Вот пишет житель Донецка: «Пока вы тут говорите про Новороссию, я тут сижу, и по мне стреляют». Это, видимо, человек, который, находясь в Донецке, не разделяет ценностей Новороссии. Ну, что поделать? Термин есть, и его приходится пока за неимением лучшего употреблять. Хотите — будем говорить «ДНР».
Стрелков кажется мне единственным принципиально новым типом в российской политике последнего времени, но он совершенно меня в этом качестве не привлекает. Я никогда не говорил, что это самое ценное или самое лучшее. Моя оценка не носит характера модальности. Субъективно это, разумеется, человек очень глубоко мне антипатичный и очень глубоко мне враждебный, но это новый тип, который надо как-то отрефлексировать, предсказанный отчасти во многих текстах, в том числе и в «ЖД». Но то, что надо с этой реальностью как-то взаимодействовать, по-моему, совершенно очевидно.
Что я думаю об аресте в Тюмени блогера Кунгурова?

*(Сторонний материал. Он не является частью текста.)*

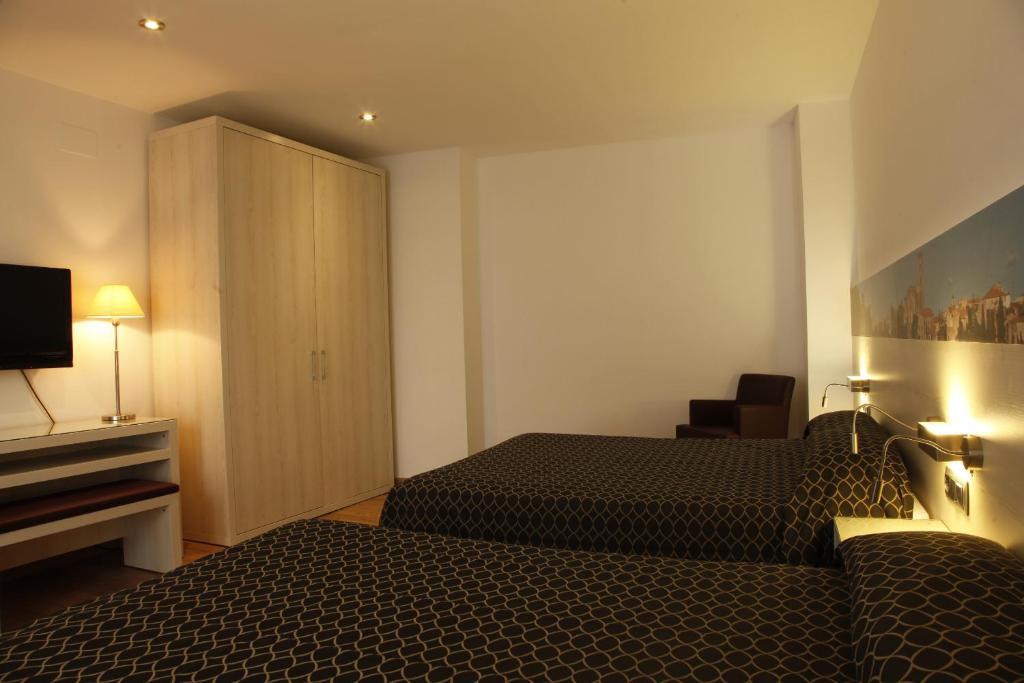 קסטלו דה אמפוריאס Hotel Canet חדר תמונה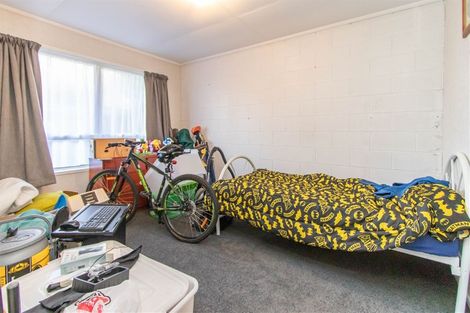 Photo of property in 2c Tawa Street, Inglewood, 4330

Я солидарен с позицией Александра Петровича Никонова, друга моего, уже высказанной им в блогах, что за слова арестовывать не следует, на мой взгляд. За что арестован Кунгуров — я пока не знаю. Я не читал его блог, видел некоторые отдельные публикации. Естественно, что сейчас, когда человека арестовали, высказываться о тоне и стиле этих публикаций, я считаю, некорректно. Прежде надо, мне кажется, всё-таки добиться его освобождения или, по крайней мере, соблюдения его прав, а потом уже…
«Что вы думаете о Томасе Харрисе? По-моему, главная заслуга в истории принадлежит Энтони Хопкинсу».

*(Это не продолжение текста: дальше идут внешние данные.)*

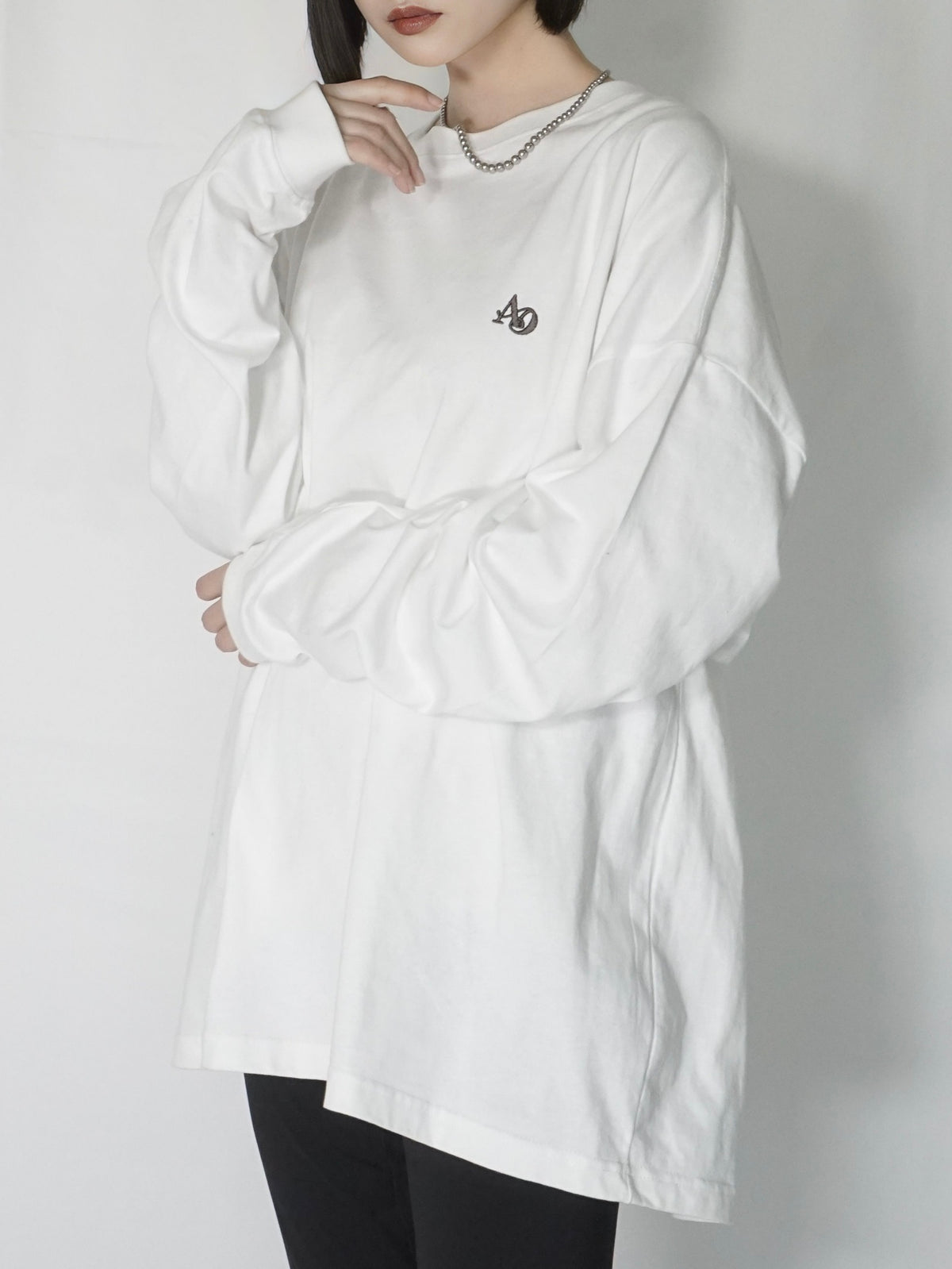 AD point logo long tee(WHITE)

Принадлежит, конечно. Если бы он не сыграл доктора Лектера, этот роман не был бы так известен. Но не будем забывать, что Томас Харрис вообще написал довольно много всего. И Харрис, и Крайтон, да и вообще американские мастера качественной беллетристики, Гришэм разумеется, Ле Карре (правда, он не американец, но тоже англоязычный автор) — это авторы беллетристики, которая переходит на какой-то качественно новый этап. Это беллетристика такого класса, что она выше своего жанра. Это в любом случае мне очень симпатично. Так что я не думаю, что дело тут в Хопкинсе. «Молчание ягнят» очень хорошо придумано. Взять только историю с Билли Рубином, если вы помните, когда он зашифровал. Это же очаровательно!

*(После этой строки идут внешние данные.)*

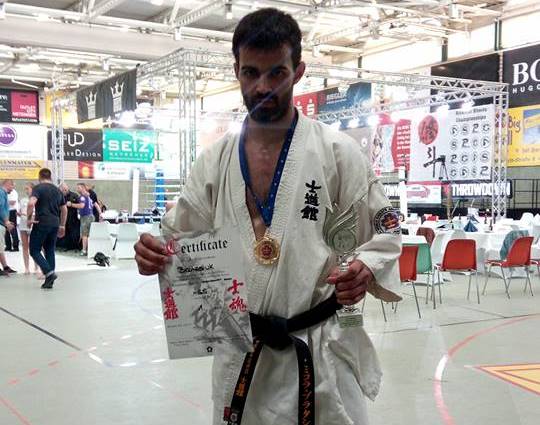 Закарпатський спортсмен Микола Братасюк щойно став чемпіоном Європи з шидокан- карате. 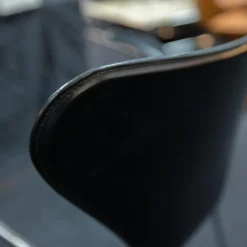 Stuhl 3207 Serie 7 Sitzschale Vollpolster Bezug Leder Kat. 5 Schwarz Untergestell Stahlrohr Verchromt
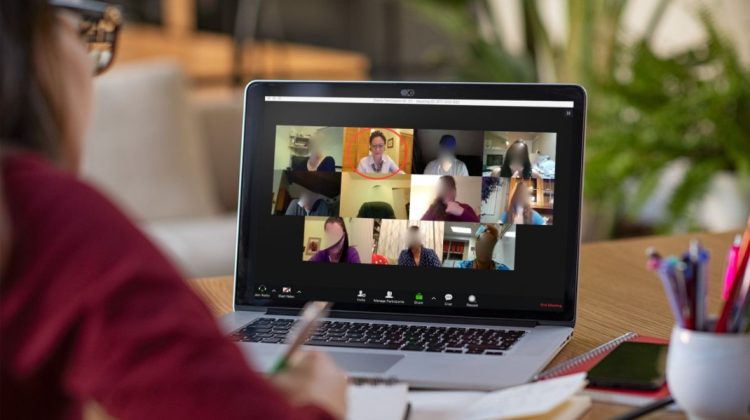 Camera video obligatorie la lecțiile online propusă de MEC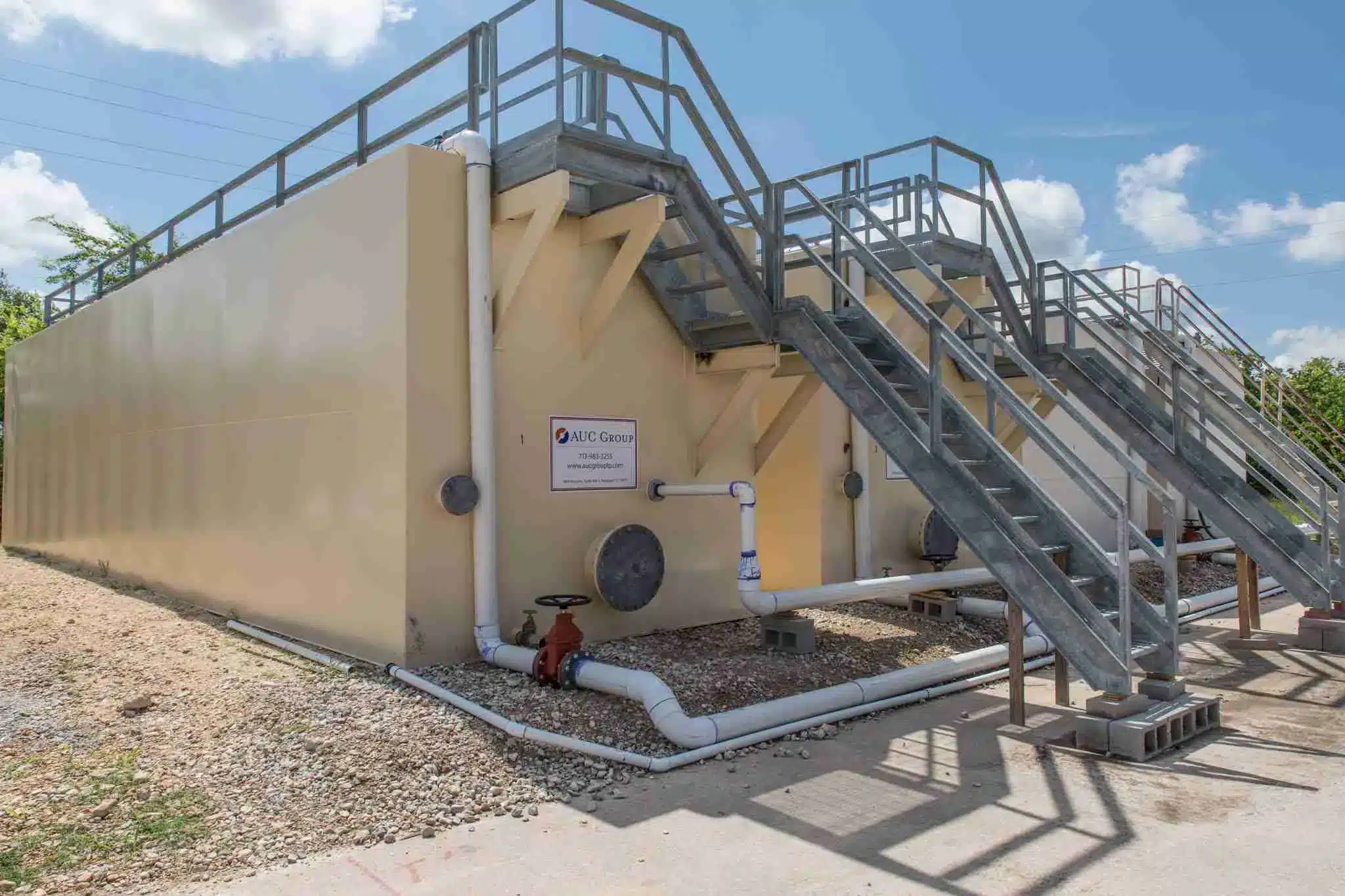 Hydradivetech water treatment plant structure showcasing a clearwell for effective filtration and disinfection services.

«Скоро выходит в прокат картина Сокурова «Франкофония». Что вы думаете о Сокурове как о режиссёре и человеке?»
Как человека я его не знаю. «Франкофонию» пока не видел. Как режиссёр он в некоторых картинах мне очень нравится, а в некоторых не нравится совсем. Мне не нравятся фильмы «Телец» и «Молох», потому что мне кажется, что там исследование идеологии подменяется исследованием патологии. Но мне очень нравится «Солнце», очень нравятся «Дни затмения», очень нравился (давно не пересматривал) фильм «Скорбное бесчувствие», совсем не нравится «Спаси и сохрани» («Мадам Бовари») и очень нравится его документалистика. Я думаю, что в документалистике у него есть фильмы, действительно создавшие новую школу. Это замечательно. А вообще моё отношение к нему сложное. Больше всего мне нравится «Русский ковчег».
«Как вы относитесь к творчеству Михаила Тарковского? Знакомы ли вы лично?» Ранние его рассказы и повести нравились мне, последние не нравятся. Стихи не нравятся совсем. Лично мы, к сожалению, не знакомы.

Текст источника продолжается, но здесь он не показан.